Omaha World-Herald. May 26, 2021.
Editorial: Sound principle, not narrow partisanship, must guide Nebraska’s redistricting
Redistricting, even in Nebraska’s officially nonpartisan Legislature, has often proven a messy affair. And it’s not just the party-focused machinations of some lawmakers — it’s also the difficulty, separate from partisan politics, of redrawing rural districts in the wake of population decline.
Last week the Legislature’s redistricting committee sent a positive message in its initial meeting when some of its members showed independence in their voting. Sen. Tom Briese of Albion, a Republican, voted with the Democratic members on one issue. Sen. Justin Wayne of Omaha, a Democrat, voted with the Republican members on another.
The more the committee demonstrates that it’s guided by sound redistricting principles and less by narrow partisan scheming, the better the result for Nebraska. The committee will fail that test if its maps consistently favor one political interest over another.
A decade ago, lawmakers bickered furiously along partisan lines over some of the political maps. The Legislature will be making a big mistake if it repeats that pattern this time around. Past disputes sometimes fueled lawsuits — again, not at all what Nebraska needs.
This week, the Legislature considers a resolution from the redistricting committee on guiding principles lawmakers should follow. Honest debate is likely on whether to insist that the core of a district be protected. Many parts of the resolution are sound — that the Legislature should keep districts compact; keep counties politically intact as much as possible; and refrain from “favoring a political party.”
Final census figures won’t be released until mid-August. The Legislature ultimately will decide on the maps in a special session. Big questions include: How will Douglas and Sarpy Counties be drawn in the 2nd U.S. House District, since the district will once again shrink as a result of the Omaha area’s population growth? Will Douglas County remain intact in the 2nd District? What district or districts may be shifted from rural areas to the Omaha or Lincoln areas? How will the addition of one or more districts in eastern Nebraska affect the boundaries of other districts?

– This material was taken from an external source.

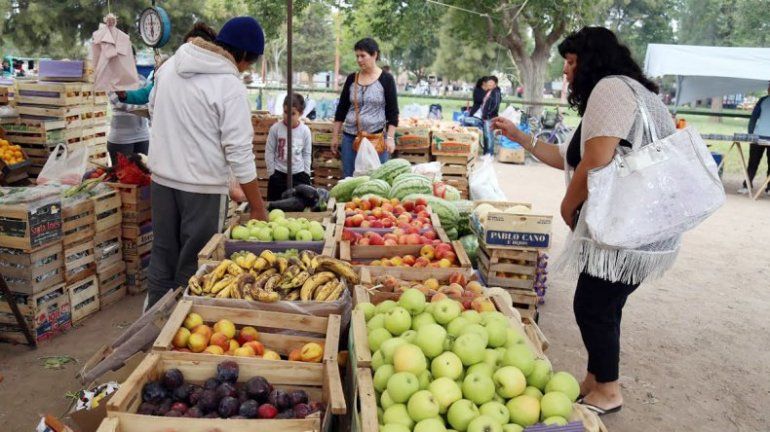 La Feria del Trueque funciona hoy en la plaza del barrio Don Bosco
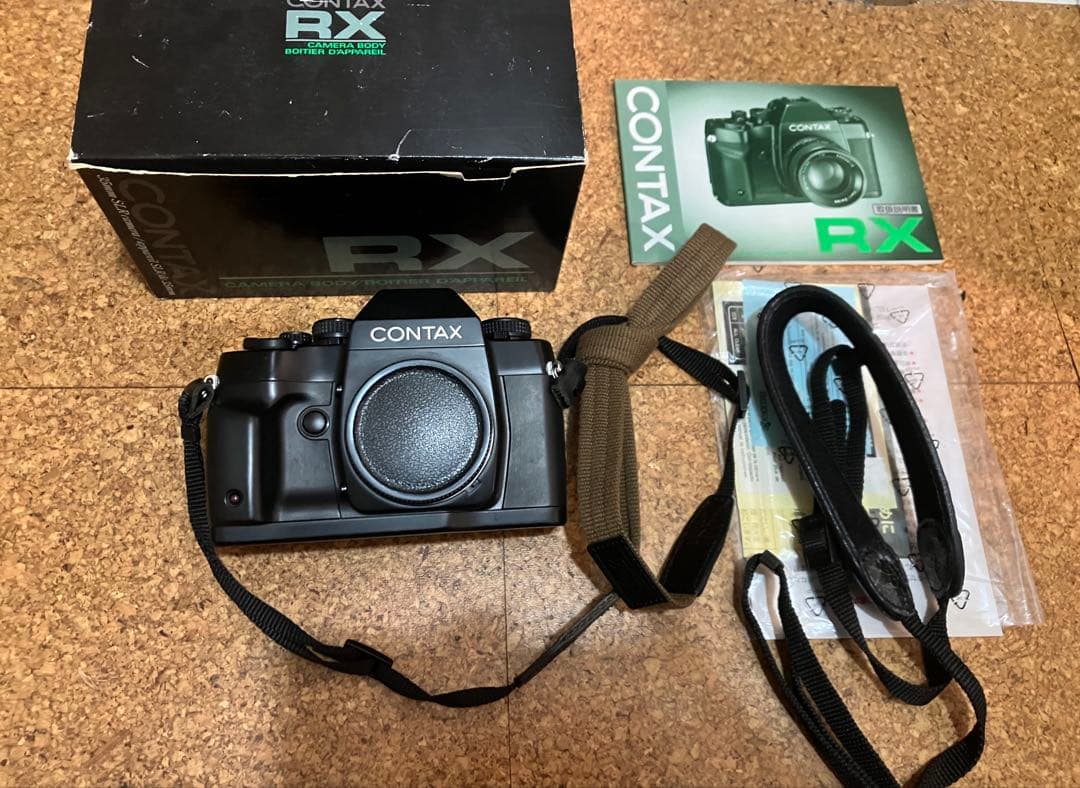 【動作確認済み・美品・返品保証】コンタックスRX 元箱一式・純正ストラップ付き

Members of the redistricting committee, regardless of party, must aim for fairness, and not partisan opportunism.
Lincoln Journal Star. May 26, 2021.
Editorial: Nebraska’s flag could use a makeover
Let’s get this straight now. No one is suggesting changing the round seal on the state flag to something more football-shaped. Or swapping the hammer-wielding smith with a highway worker holding a SLOW sign.
But our state flag, which, like Florida, Idaho and New Hampshire, simply features the state seal, isn’t so perfect that it doesn’t deserve a little rethinking. Seventeen states feature centered circle shapes. And almost half of the 50 state flags use the same shade of blue as Nebraska for their backgrounds.
Maybe, it is time -- as Jack Sokolik, a UNL junior from Omaha argued in a story in Monday’s Journal Star -- to freshen the look of the banner that represents our state so it delivers a clearer message of what Nebraska was, is and strives to become.
The original state seal was created by legislative action after Nebraska became a state on March 1, 1867. A cast iron press was used for almost 140 years before being retired by then-Secretary of State John Gale.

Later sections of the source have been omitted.